**THE PROBLEM**
Ignoring every picture, transcribe the data in full as it stands.

**DATA BELOW**
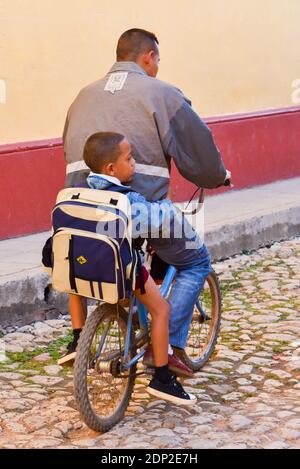 Padre che porta il bambino a scuola in bicicletta, Trinidad, Cuba Foto Stock
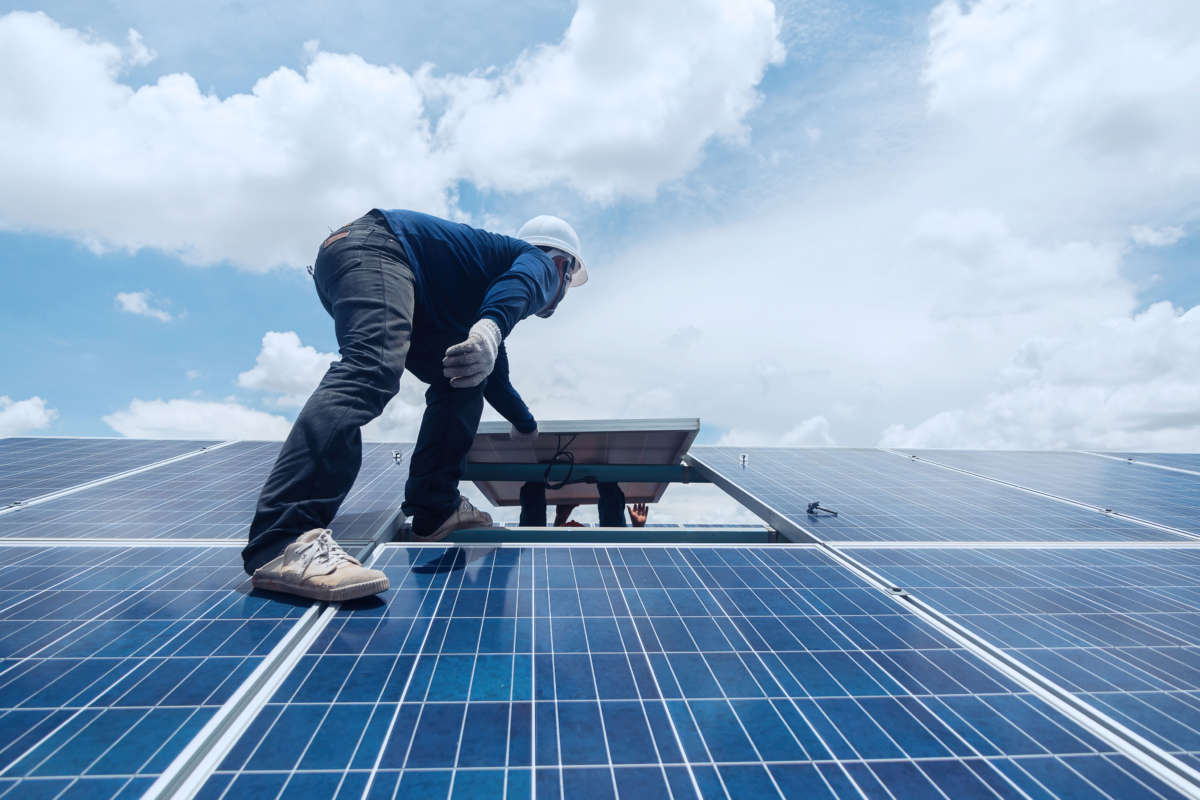 Workers replace a solar panel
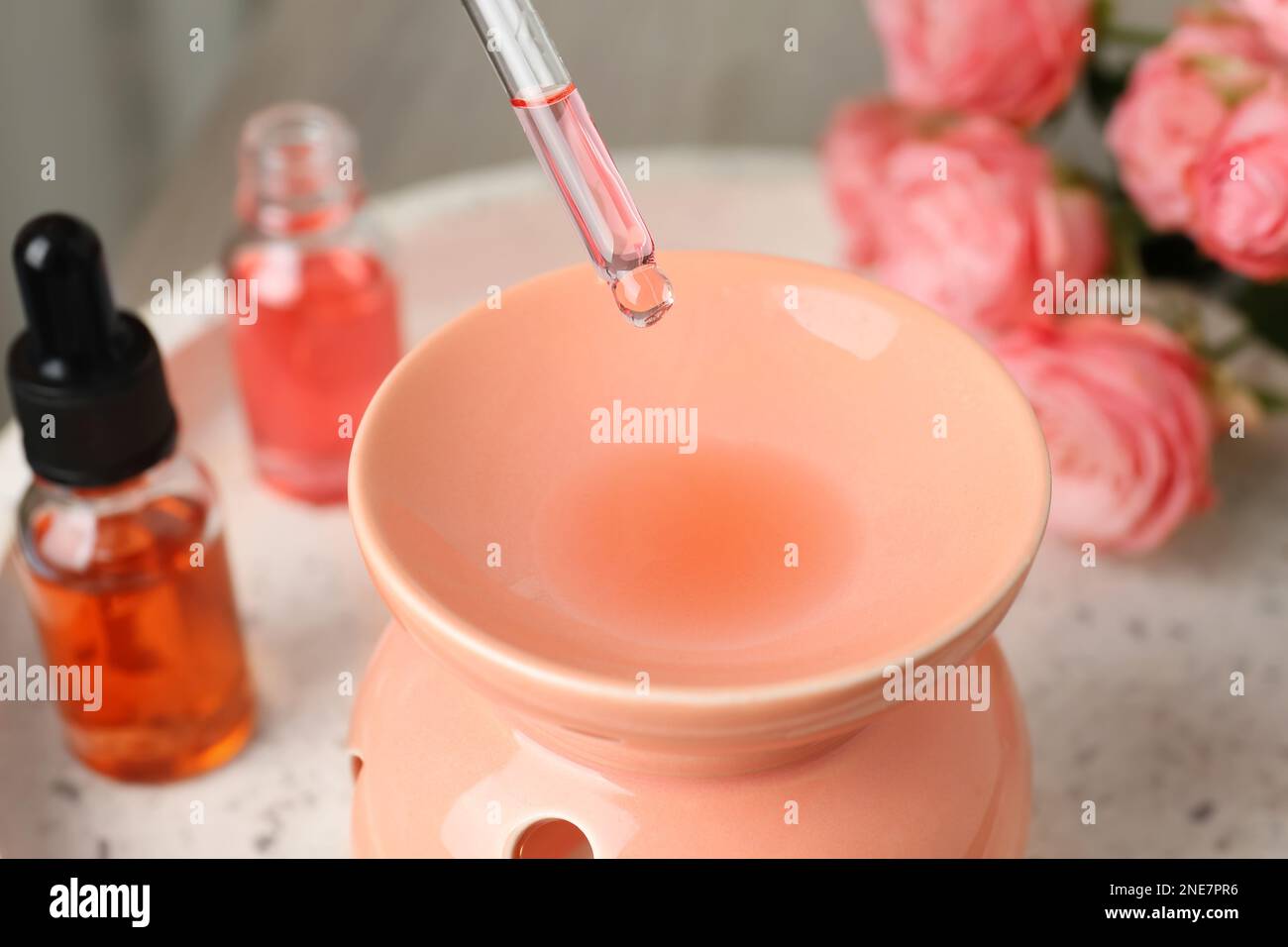 Dripping essential oil into aroma lamp on white tray, closeup Stock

**TASK ANSWER**
 Padre che porta il bambino a scuola in bicicletta, Trinidad, Cuba Foto Stock
 Workers replace a solar panel
 Dripping essential oil into aroma lamp on white tray, closeup Stock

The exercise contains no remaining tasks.